Work instructions
Exclude the pictures. Transcribe exactly, and only, the lines from the one holding "Giraffe Village Folk" to the end of the material below.

Data below

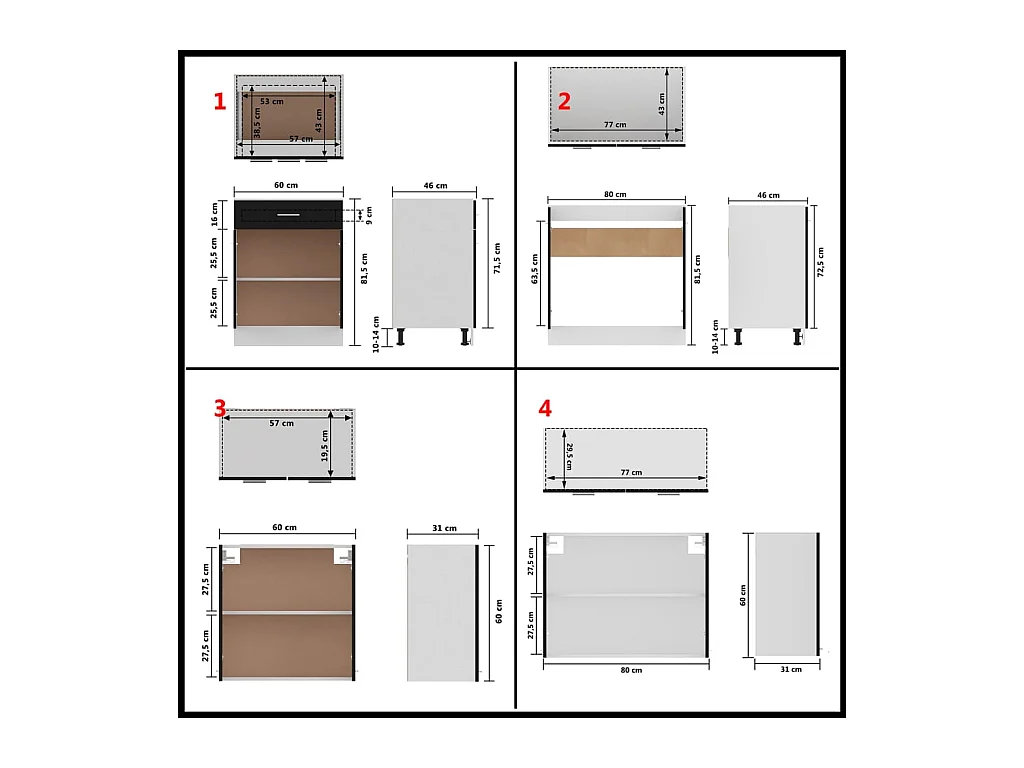 Conjunto de armarios de cocina de 4 piezas "Lyon" de madera de ingeniería negra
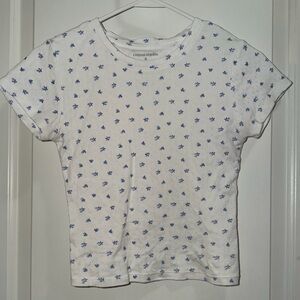 Women's White and Blue Floral Short Sleeve Tee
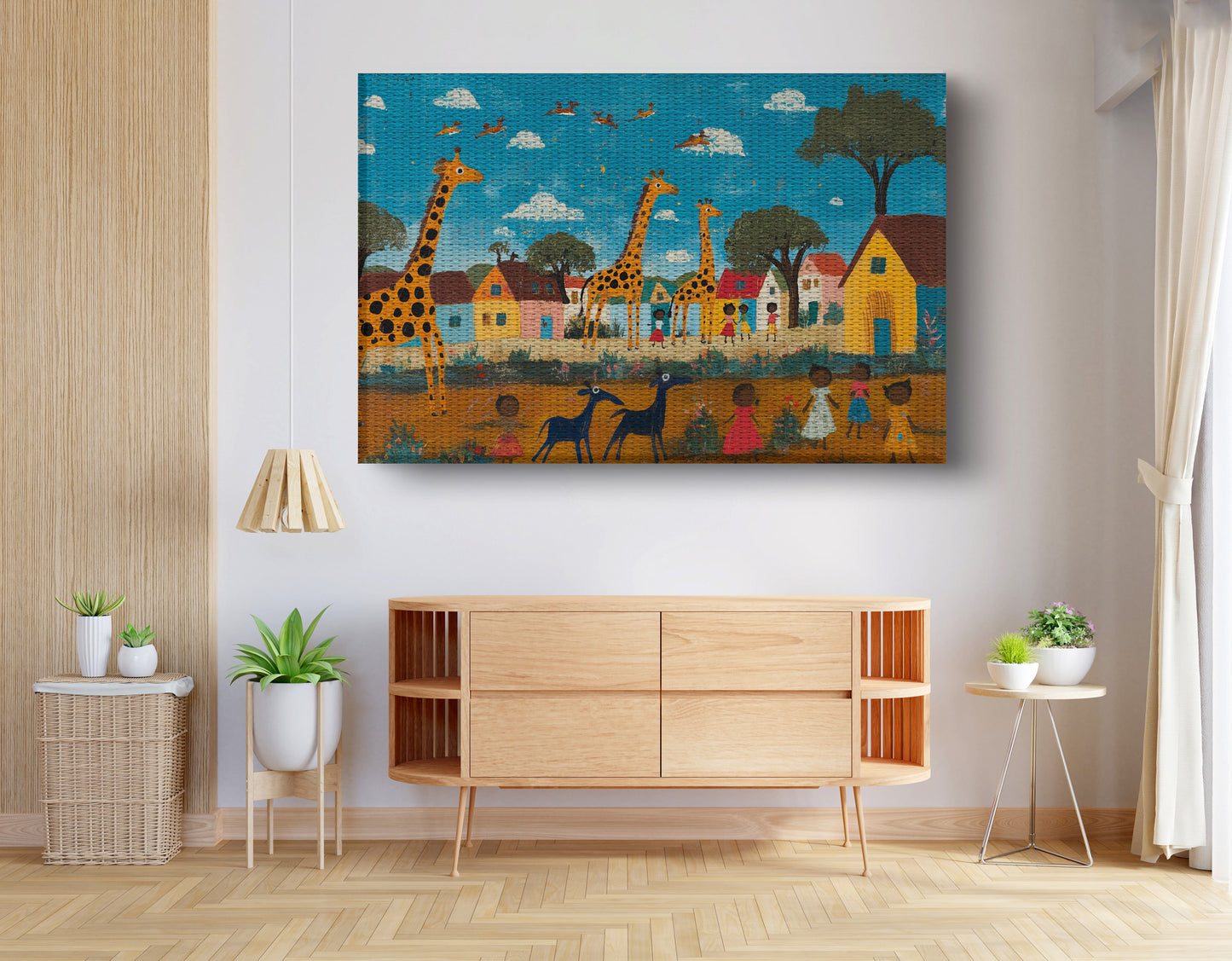 Giraffe Village Folk African American canvas print view 14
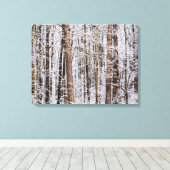 Toile Tempête glaciaire d'hiver dans la forêt (Insitu (Plancher de Bois))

Output below
 Giraffe Village Folk African American canvas print view 14
 Toile Tempête glaciaire d'hiver dans la forêt (Insitu (Plancher de Bois))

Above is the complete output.